More prospective homeowners are using discount points to buy down mortgage rates, which have been at historic highs. But that might not be a good deal, according to a new report from Freddie Mac, which found that many borrowers who do not buy points score lower mortgage rates than those who do.
The mortgage guarantor’s 2024 Economic, Housing and Mortgage Market Outlook report examined how often single-family home buyers or refinancers getting 30-year fixed-rate mortgages purchased discount points—and how many points they used.
Discount points represent 1% of the loan amount. By paying this up front, you can generally cut your mortgage rate by a quarter of a percentage point. However, if you expect to move within five to 10 years, you may not save enough on your monthly payments to recover that expense.
The report found that more than half of borrowers paid discount points last year. Yet borrowers who did not pay points generally received a lower mortgage rate than similar buyers who did pay—6.69% versus 6.86%, on average. The researchers were unable to explain exactly why this happened.
Mortgage Borrowers Preferred Using Discount Points Last Year
Freddie Mac’s report focused on borrowers with credit scores of at least 740 and a loan-to-value (LTV) ratio between 75 and 80. Among these borrowers, 58.8% used discount points in 2023—up from 53.6% in 2022 and 31.3% in 2021, when mortgage rates were lower overall.
Discount points were even more popular with people refinancing their mortgages.

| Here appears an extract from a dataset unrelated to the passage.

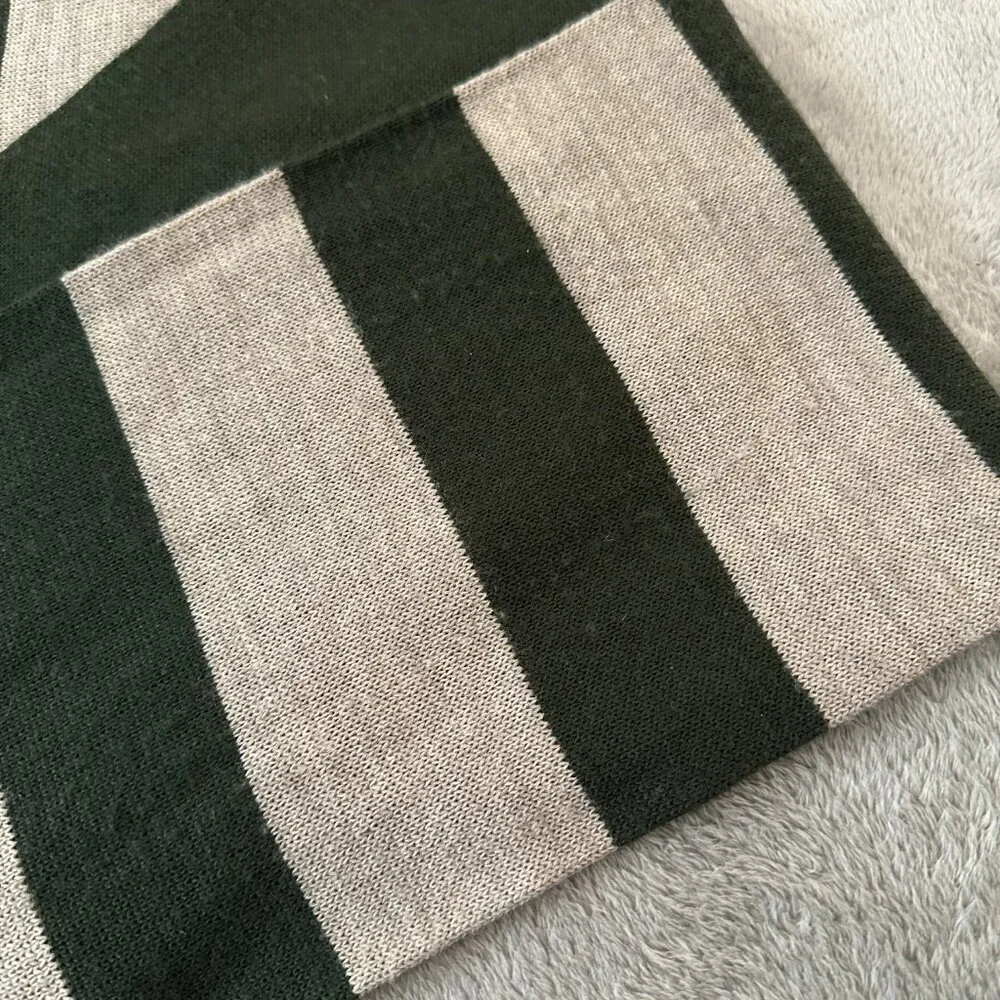 J. Crew Factory Wool Blend Scarf Tan Green Striped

More than 82% of cash-out refinancers and almost 60% of no-cash-out refinancers used discount points. Refinancers also tended to buy more points than purchase borrowers.
In addition, borrowers with lower credit scores were more likely to pay discount points than those with higher scores.

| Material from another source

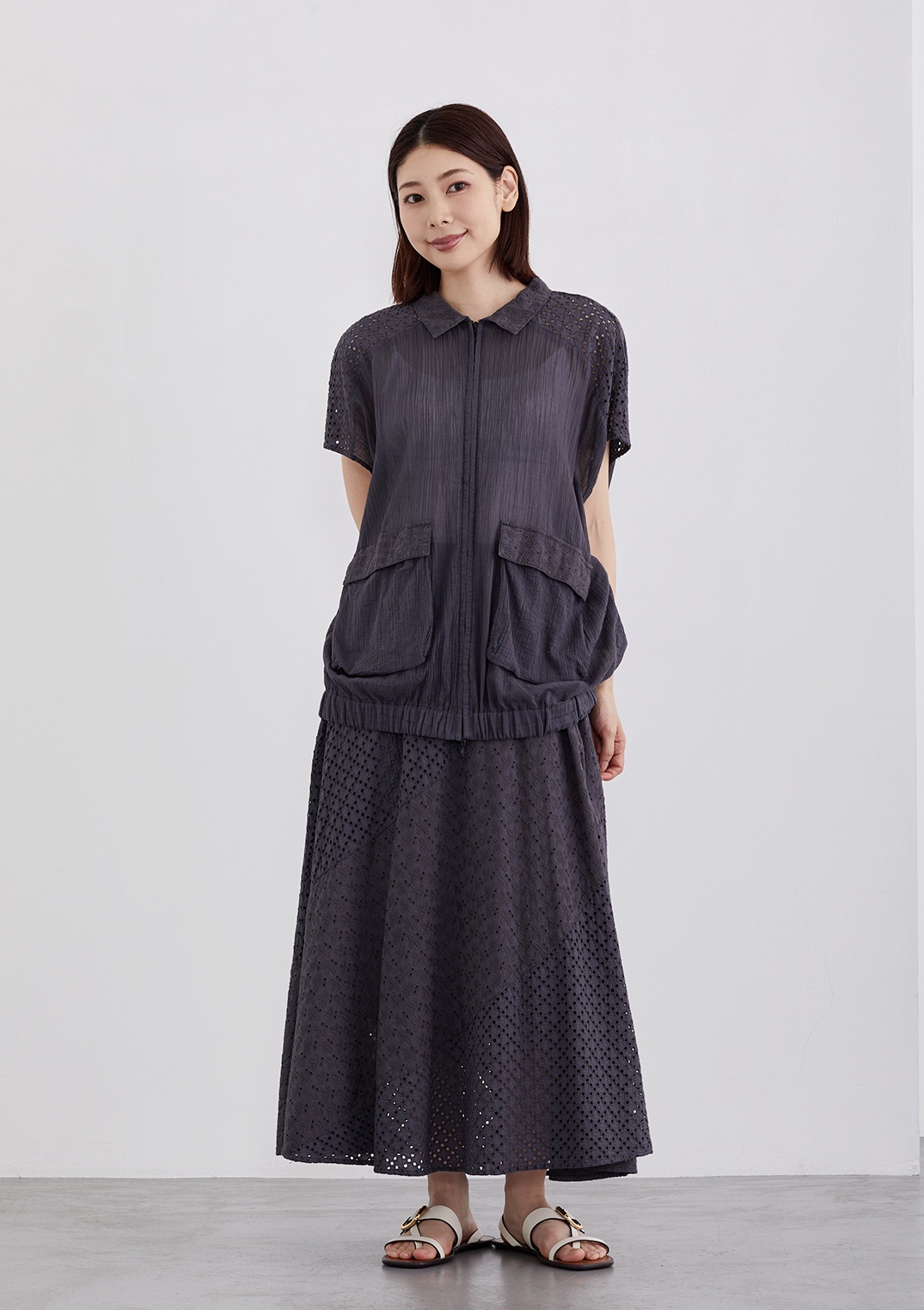 【Femicite】ガーメント レース オーバーサイズ ロング ジレ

Alternatives To Buying Mortgage Discount Points
If you are in the market for a home and are looking for ways to reduce your costs or lower your mortgage rate, consider these options:
- Make a larger down payment. If possible, kick off your purchase with a large down payment, which may help lower your overall interest rate. To save up for a larger down payment, focus on budgeting, trimming your expenses and paying off debts.

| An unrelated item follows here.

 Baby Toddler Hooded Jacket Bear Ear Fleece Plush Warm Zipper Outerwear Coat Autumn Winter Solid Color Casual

- Budget for extra monthly payments. Setting up an extra recurring monthly payment can help pay off your mortgage early and save money on interest. Consider strategies like making an extra fixed payment every month or rounding up your monthly payments to the next $100 value.
- Improve your credit score. Higher credit scores typically bring lower interest rates and more favorable terms. To raise your credit score, be sure to review your credit reports, pay off your debts and manage your credit utilization.